15.ª - A demonstração da rutura definitiva - presumida nos casos das alíneas a), b) e c) ao fim de um ano - implicará, naturalmente, a prova da quebra grave desses deveres, e da convicção da irreversibilidade do rompimento da comunhão própria da vida conjugal.
16.ª - Entende o R./Recorrente, que não está suficientemente demonstrada a cessação irreversível da comunhão conjugal.
17.ª - Não está, desde logo, dada a alegação vaga, conclusiva e descontextualizada no tempo e no espaço efetuada pela A.;
18.ª - Por outro lado, da matéria de facto provada não resulta retratada uma determinada situação objetiva em que os factos, pela sua gravidade ou reiteração, mostrem a rutura definitiva do casamento, salvo a separação de facto ocorrida em 24/02/2014.

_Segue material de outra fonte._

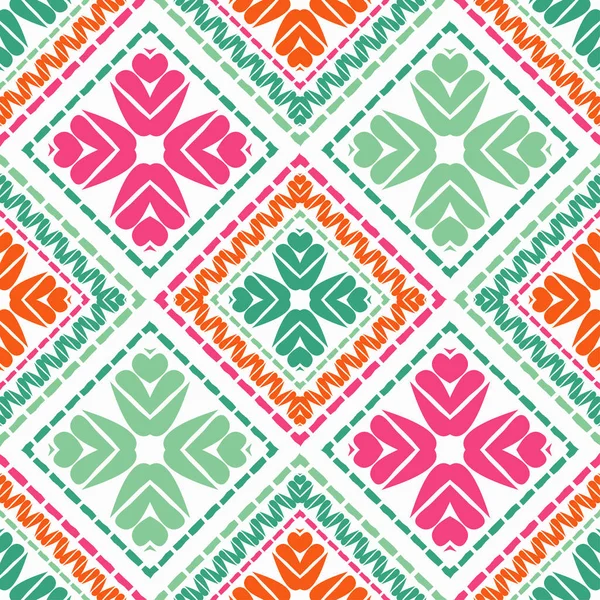 Etnik boho seamless modeli. Nakış kumaş üzerine. Patchwork doku. Dokuma. Geleneksel süs. Kabile desen. Halk motif. Duvar kağıdı, tekstil, ambalaj, web sayfası arka planı davetiye, için kullanılabilir.
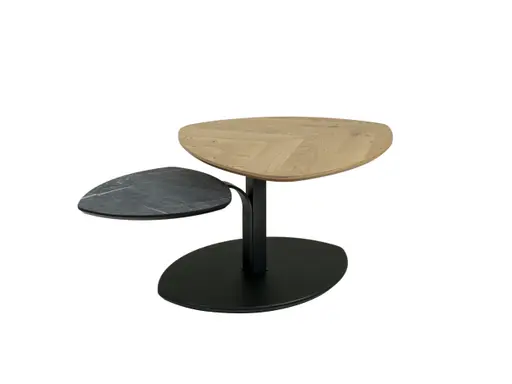 Couchtisch - höhenverstellbar, LBH ca. 110x70x47-66 cm, Wildeiche furniert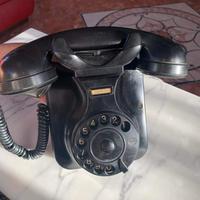 Telefono antico a parete di bachelite da collezion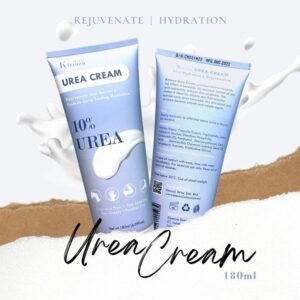 Kirinzu 10% Urea Cream 180ml Rejuvenate Enhances Hydration Fragrance Free Paraben Free
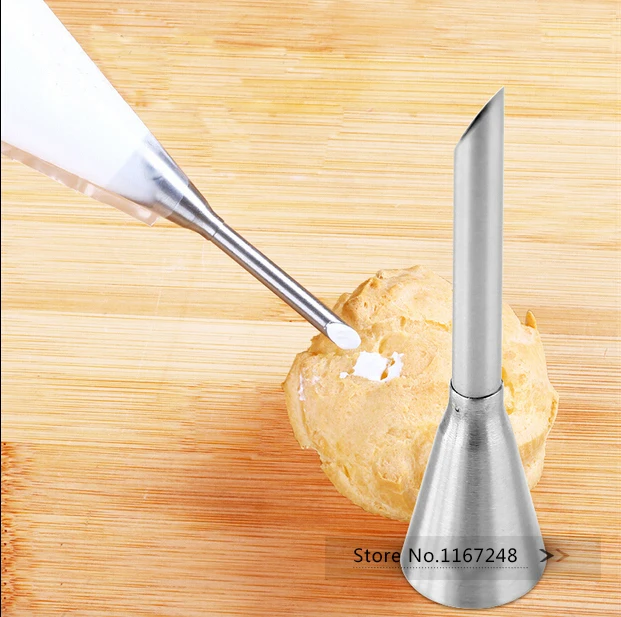 

1pcs Puff Decorating Tip Finger Biscuits Icing Nozzle Chocolate Cake Icing Tip Nozzle Cookies cream Nozzle Baking & Pastry Tools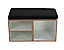Coussin banquette pour meuble de rangement Quube | Noir | HxLxP 390 x 400 x 60 cm | Novigami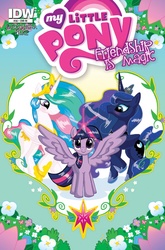 Size: 1054x1600 | Tagged: safe, idw, princess celestia, princess luna, twilight sparkle, alicorn, pony, friendship is magic #38, g4, my little pony: friendship is magic (idw), spoiler:comic, female, mare, twilight sparkle (alicorn)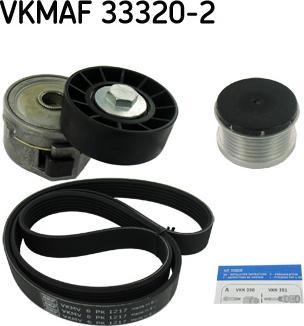 SKF VKMAF 33320-2 - Jeu de courroies trapézoïdales à nervures cwaw.fr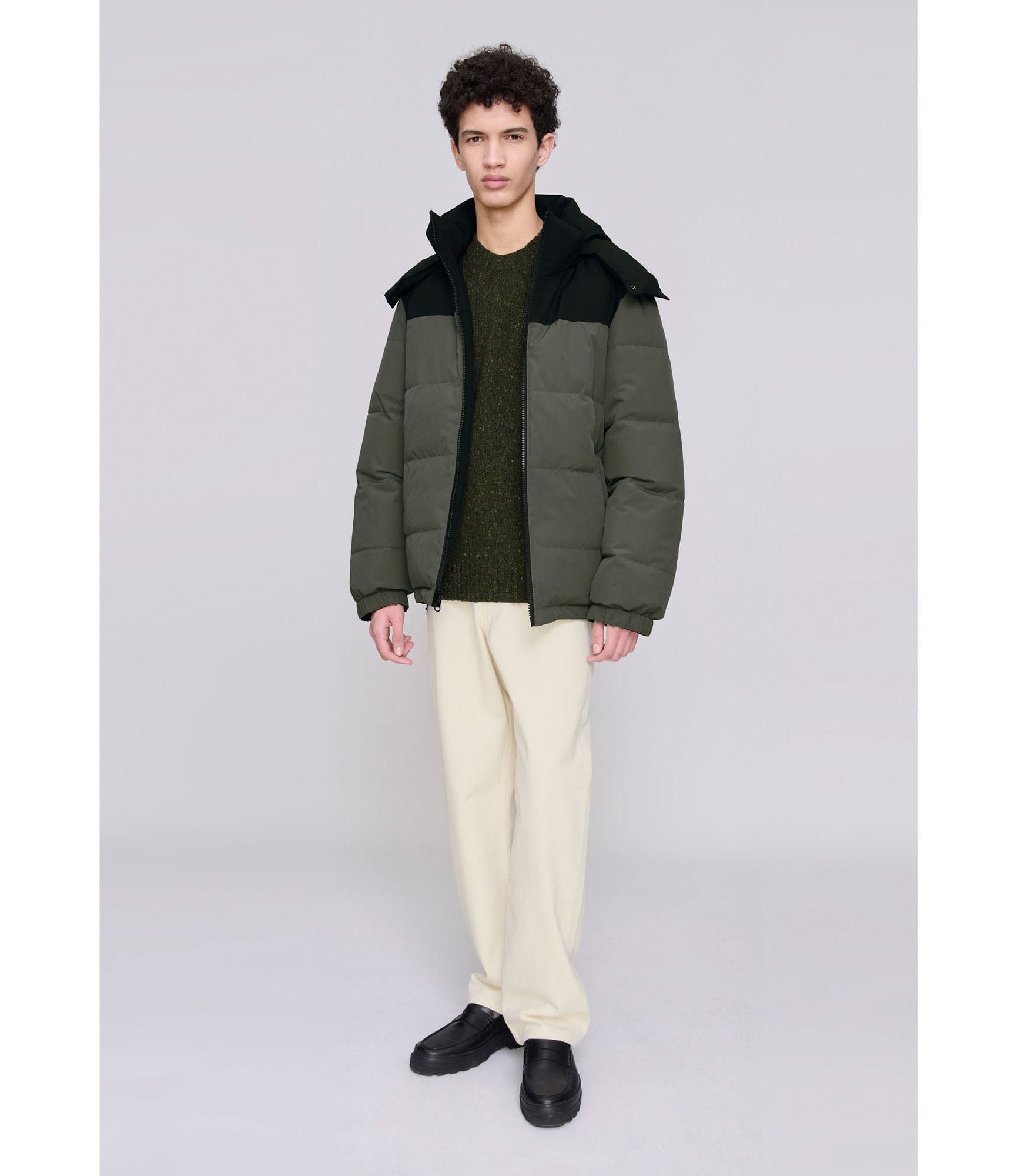 ミリタリーカーキ/黒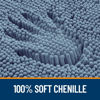Picture of OLANLY Bathroom Rugs 30x20, Extra Soft Absorbent Chenille Bath Rugs, Rubber Backing Quick Dry, Machine Washable Bath Mats for Bathroom Floor, Tub and Shower, Home Decor Accessories, Airy Blue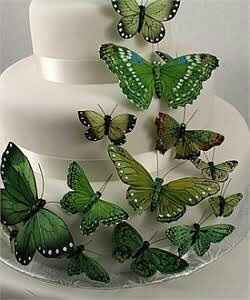  Mariposas verdes para la boda 💚 - 5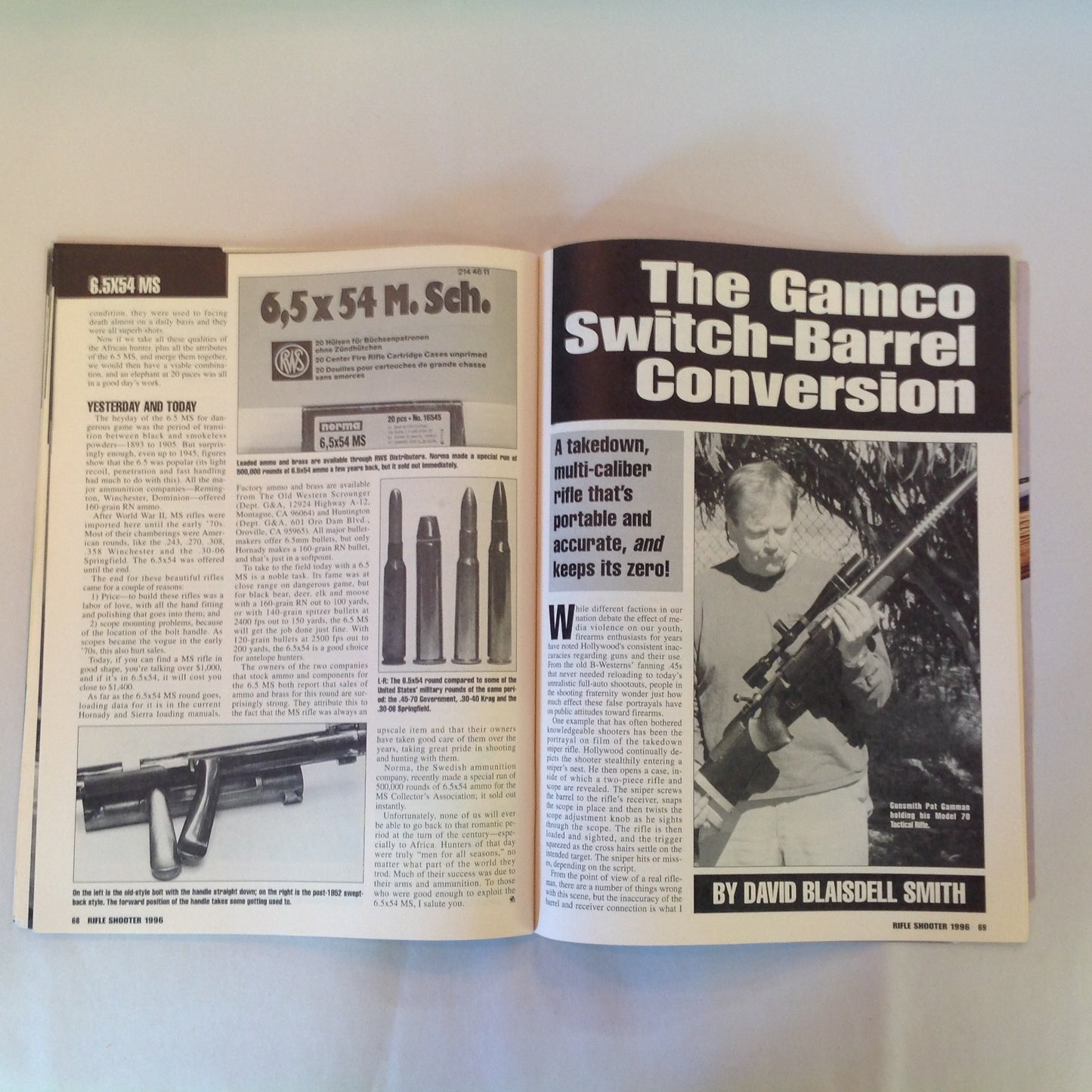 Vintage 1996 Guns & Ammo Petersen's Rifle Shooter Sporting Combat Target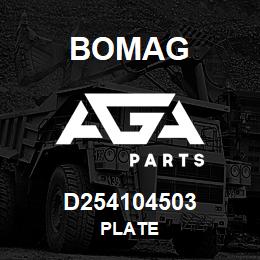 D254104503 Bomag Plate | AGA Parts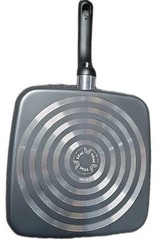 T-FAL ~ GRAY ~ 10.25″ Square Griddle ~ Non-Stick ~ Thermo-Spot ~ Oven Safe
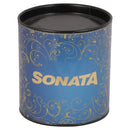 Sonata Quartz Analog with Day and Date Brown Dial Leather Strap Watch for Men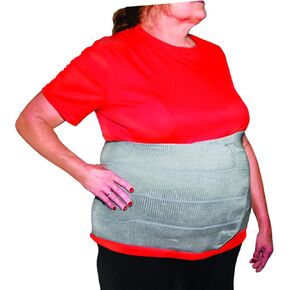 4XL Plus Size Bariatric Abdominal Binder | Hernia Support | Post Surgery Tummy & Waist Compression Wrap | Obesity Girdle Belt for Big Men & Women (4XL)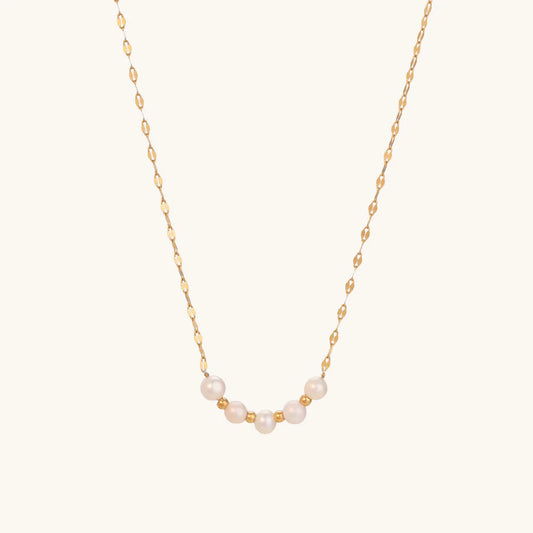 Aria Pearl Necklace - 18K Gold Anti-Tarnish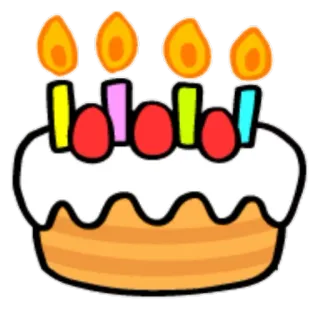 🎂 tarta, cumpleaños, celebración, postre, velas telegram sticker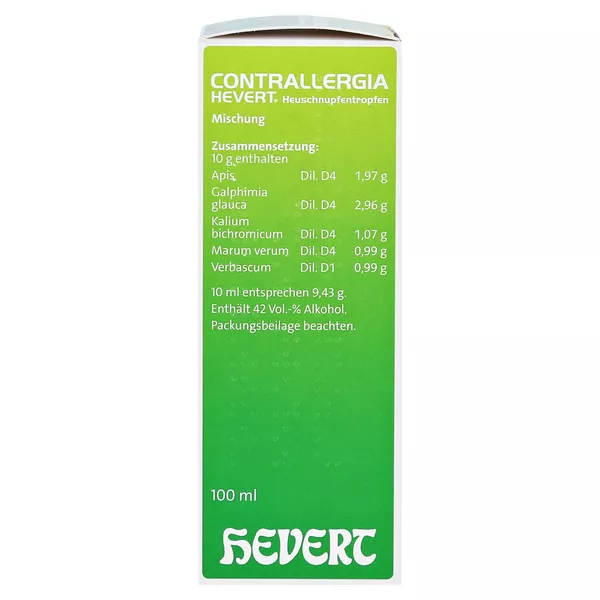 Contrallergia Hevert Heuschnupfentropfen, 100 ml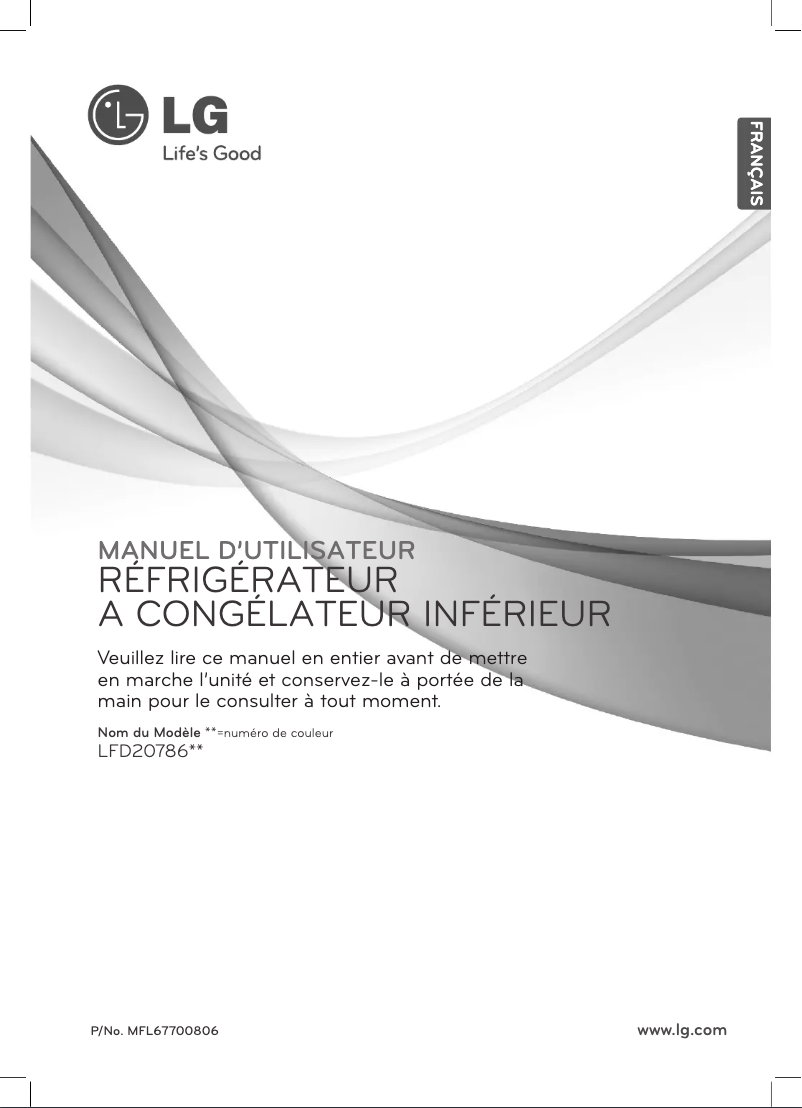 Imagen de la primera página del manual del dispositivo LFD20786SW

19.ª - É que, tendo A. e R. casado em 10/09/1993 e como na sua petição a A. não concretiza temporalmente os factos, estes podem ter ocorrido antes da entrada em vigor da Lei n.º 61/2008, de 31/10, e por isso ainda na vigência dos anteriores artigos 1780.º e 1786.º do CC, estando, por isso, excluído o direito de pedir o divórcio (por ex. ter revelado comportamento posterior,...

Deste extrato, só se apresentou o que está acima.